Akrep - Yılan ve İnsan
Bir gün elbiselerimi yıkamak için Nil nehrinin kenarına gitmiştim. Nehrin kenarında dururken, bir de baktım ki, görülmemiş şekilde büyük bir akrep bana doğru geliyor. Çok korkmuştum.Fakat anladım ki akrebin hedefi ben değilim. Akrep nehre girdi. Sudan büyük bir kurbağa çıkıp akrebe doğru geldi. Akrep kurbağanın sırtına binip suyun üzerinde yüzüp gittiler. Hayretler içerisinde kalmıştım. Ben de onları nehrin kenarından takip ettim. Nehrin karşı yakasına geçtiklerinde, akrep kurbağanın sırtından indi. Dalları büyük, gölgesi çok olan bir ağacın yanına gitti.
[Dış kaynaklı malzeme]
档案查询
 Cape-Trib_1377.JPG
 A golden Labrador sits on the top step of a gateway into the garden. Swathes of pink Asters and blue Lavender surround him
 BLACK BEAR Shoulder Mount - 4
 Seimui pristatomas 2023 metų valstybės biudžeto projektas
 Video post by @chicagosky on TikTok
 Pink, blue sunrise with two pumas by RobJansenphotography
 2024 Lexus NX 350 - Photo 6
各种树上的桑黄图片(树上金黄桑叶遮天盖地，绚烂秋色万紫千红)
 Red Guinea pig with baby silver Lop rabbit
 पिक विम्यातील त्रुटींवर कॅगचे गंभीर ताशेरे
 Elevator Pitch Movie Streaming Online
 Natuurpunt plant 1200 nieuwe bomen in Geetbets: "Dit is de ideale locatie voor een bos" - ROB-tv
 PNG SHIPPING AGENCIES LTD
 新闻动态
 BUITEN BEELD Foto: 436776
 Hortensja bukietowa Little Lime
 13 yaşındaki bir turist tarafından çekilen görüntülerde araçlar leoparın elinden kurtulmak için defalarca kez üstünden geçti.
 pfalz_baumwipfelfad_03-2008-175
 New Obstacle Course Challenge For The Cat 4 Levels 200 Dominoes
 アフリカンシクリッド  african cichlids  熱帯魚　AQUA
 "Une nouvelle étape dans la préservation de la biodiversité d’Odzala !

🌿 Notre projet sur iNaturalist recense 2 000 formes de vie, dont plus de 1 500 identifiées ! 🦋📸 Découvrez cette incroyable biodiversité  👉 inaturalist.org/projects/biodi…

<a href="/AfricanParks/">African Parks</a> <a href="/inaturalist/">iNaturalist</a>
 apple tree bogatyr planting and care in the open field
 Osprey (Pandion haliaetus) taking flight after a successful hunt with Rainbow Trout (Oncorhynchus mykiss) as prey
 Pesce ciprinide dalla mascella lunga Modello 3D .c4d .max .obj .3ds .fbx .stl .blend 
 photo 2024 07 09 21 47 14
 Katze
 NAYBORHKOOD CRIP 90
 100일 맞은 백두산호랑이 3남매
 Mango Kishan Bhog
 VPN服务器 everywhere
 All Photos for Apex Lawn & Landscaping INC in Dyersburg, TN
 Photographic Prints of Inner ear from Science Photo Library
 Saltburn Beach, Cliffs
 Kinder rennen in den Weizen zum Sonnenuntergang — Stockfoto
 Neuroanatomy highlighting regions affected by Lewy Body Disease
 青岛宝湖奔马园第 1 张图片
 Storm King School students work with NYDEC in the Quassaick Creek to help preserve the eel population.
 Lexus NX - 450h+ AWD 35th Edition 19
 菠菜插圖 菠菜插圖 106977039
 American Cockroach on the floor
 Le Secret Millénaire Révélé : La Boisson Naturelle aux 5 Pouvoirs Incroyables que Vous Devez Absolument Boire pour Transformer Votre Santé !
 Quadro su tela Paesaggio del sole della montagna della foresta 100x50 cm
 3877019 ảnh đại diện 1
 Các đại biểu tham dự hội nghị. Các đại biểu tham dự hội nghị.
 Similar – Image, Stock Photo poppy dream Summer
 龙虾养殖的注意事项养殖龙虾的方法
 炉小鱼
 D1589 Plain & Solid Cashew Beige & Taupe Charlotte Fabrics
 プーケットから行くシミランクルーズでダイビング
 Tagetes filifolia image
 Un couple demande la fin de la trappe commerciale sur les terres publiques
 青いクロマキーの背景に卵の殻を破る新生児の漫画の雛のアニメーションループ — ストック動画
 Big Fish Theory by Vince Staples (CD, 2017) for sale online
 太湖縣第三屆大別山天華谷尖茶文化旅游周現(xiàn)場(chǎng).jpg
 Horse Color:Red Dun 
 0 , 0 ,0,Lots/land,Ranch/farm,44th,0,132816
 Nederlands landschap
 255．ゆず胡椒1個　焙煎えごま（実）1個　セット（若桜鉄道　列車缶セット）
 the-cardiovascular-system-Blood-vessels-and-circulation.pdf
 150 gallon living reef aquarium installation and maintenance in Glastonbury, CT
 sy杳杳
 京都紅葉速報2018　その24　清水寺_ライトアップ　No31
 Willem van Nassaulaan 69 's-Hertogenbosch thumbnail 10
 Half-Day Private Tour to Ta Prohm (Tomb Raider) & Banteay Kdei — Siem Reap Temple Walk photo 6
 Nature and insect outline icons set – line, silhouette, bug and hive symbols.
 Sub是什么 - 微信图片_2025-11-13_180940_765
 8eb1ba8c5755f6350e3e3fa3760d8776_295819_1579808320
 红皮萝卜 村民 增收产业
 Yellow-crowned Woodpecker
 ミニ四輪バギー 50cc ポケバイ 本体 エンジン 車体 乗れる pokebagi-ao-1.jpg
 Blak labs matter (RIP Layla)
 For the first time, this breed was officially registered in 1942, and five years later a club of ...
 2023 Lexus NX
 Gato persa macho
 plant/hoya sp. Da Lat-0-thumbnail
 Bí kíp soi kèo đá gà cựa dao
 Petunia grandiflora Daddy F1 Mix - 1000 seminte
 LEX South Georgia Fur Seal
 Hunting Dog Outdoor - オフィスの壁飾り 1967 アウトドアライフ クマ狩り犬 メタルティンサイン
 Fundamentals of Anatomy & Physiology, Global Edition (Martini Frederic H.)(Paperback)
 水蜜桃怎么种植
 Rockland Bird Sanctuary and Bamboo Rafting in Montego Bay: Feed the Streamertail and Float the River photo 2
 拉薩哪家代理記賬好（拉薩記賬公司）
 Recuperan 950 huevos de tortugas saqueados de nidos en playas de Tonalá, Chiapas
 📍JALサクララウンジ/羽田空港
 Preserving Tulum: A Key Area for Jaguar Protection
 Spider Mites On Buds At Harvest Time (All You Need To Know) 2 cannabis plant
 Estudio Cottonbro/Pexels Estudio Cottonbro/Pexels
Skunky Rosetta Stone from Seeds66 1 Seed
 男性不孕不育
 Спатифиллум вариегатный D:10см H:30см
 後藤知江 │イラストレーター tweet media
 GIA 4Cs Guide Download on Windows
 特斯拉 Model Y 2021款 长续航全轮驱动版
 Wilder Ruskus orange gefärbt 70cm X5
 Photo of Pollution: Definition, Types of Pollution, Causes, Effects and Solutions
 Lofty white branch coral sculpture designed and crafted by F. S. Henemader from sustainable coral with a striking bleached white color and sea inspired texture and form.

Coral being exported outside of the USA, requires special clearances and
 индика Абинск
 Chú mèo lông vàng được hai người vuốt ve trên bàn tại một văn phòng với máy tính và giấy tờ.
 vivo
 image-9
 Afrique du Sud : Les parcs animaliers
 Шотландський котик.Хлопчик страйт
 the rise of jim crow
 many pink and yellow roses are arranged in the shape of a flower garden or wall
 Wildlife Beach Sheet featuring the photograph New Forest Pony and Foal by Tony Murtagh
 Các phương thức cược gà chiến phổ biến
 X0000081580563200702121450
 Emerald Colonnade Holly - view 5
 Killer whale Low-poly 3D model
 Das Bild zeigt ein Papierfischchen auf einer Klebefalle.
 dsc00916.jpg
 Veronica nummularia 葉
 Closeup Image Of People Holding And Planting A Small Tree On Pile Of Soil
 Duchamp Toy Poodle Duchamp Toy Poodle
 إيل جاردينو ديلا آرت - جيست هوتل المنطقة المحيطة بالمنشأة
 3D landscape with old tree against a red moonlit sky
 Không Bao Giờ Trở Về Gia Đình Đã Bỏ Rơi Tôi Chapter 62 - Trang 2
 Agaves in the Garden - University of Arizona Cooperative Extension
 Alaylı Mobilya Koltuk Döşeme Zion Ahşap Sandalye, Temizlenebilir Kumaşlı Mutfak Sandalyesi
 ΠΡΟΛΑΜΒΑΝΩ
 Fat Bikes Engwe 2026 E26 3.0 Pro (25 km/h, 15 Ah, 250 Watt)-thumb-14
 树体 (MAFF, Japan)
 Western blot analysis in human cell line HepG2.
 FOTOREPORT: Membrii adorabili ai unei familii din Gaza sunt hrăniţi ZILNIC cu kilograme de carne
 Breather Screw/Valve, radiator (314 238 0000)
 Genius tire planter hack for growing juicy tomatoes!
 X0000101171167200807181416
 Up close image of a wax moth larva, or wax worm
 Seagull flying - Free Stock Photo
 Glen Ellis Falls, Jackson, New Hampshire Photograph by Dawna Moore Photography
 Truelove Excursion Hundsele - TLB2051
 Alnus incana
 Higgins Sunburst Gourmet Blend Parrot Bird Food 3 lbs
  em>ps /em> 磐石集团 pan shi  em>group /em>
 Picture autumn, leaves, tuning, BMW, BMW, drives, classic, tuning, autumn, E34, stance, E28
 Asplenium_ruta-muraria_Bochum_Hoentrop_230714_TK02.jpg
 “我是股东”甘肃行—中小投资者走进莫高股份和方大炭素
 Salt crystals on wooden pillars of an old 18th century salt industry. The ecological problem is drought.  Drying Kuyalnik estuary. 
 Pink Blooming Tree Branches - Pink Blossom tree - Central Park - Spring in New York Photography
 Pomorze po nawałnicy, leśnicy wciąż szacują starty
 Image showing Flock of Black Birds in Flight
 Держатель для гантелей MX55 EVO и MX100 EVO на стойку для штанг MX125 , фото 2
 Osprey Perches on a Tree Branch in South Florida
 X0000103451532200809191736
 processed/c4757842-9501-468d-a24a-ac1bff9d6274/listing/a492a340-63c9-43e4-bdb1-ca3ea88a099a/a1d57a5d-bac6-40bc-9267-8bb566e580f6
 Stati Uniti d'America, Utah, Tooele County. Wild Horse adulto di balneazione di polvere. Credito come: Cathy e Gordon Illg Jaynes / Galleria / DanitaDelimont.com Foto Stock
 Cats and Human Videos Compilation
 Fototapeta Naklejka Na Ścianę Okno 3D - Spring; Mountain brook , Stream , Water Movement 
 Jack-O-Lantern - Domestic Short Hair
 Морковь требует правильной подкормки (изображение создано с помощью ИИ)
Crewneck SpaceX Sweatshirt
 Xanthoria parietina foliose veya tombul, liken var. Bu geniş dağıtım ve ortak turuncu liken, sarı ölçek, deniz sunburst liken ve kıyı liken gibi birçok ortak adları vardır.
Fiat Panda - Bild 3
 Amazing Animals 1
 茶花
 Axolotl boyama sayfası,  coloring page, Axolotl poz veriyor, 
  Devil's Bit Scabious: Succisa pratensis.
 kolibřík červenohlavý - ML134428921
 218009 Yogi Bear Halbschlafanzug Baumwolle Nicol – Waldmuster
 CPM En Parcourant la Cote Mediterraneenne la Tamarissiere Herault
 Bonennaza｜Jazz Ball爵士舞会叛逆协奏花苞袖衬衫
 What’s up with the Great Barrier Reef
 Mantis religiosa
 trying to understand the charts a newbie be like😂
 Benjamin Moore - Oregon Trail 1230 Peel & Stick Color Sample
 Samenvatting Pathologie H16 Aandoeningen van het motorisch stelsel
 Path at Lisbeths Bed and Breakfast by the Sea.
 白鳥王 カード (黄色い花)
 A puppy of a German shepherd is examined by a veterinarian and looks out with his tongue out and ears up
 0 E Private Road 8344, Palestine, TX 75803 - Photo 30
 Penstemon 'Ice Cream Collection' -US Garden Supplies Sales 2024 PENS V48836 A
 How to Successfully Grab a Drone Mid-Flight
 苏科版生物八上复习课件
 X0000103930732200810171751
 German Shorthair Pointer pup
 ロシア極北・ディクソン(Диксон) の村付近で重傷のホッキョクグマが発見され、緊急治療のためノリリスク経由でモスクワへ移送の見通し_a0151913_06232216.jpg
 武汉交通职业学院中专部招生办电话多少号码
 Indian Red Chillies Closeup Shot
Bir de baktım ki, o ağacın altında sarhoş bir genç mışıl mışıl uyuyor. Kendi kendime: "La ha'vle vela kuvvete illa billah. Bu akrep nehrin ötesinden buraya kadar, bu genci sokmak için mi geldi" dedim . Hemen akrebi öldürmeğe karar verdim. Delikanlıyı kurtarmak için koştum. Bir de baktım ki karşıdan büyük bir yılan, genci öldürmek için, ağaca doğru sürünüyor. Ne yapacağımı şaşırmıştım. Benim şaşkın bakışlarım arasında , akrep yılanın üzerine hücum etti ve başını sokmaya başladı. Akrep yılanı öldürünceye kadar başını sokmaya devam etti. Olacak şey değildi bu. Yılan öldükten sonra akrep nehre döndü. Kurbağa da onu orada bekliyordu. Akrep tekrar kurbağanın sırtına binip nehrin öte yanına geçti. Ben de arkalarından bakakaldım.
Sonra heyecanla gencin yanına geldim, o hala uyuyordu.Heyecanla baş ucunda kendi kendime şöyle dedim :
- Ey uyuyan genç; Allah seni, sen fark etmesen de karanlığın içindeki her türlü kötülükten korur. Sen uyusan bile Allah uyumaz. O kullarına çok merhametlidir. dedim.
Genç benim bu sözlerim üzerine uyandı ve başından geçen olayları kendisine anlattım. Genç hemen tevbe etti. Bütün yapmış olduğu kötü davranışlarından vazgeçip, iyilerden oldu ve ölünceye kadar da ,hayatı böyle devam etti.
NOT:Bu yaşanan hadiseye, Zünnun Mısri Hazretleri hatıralarında yer vermiştir.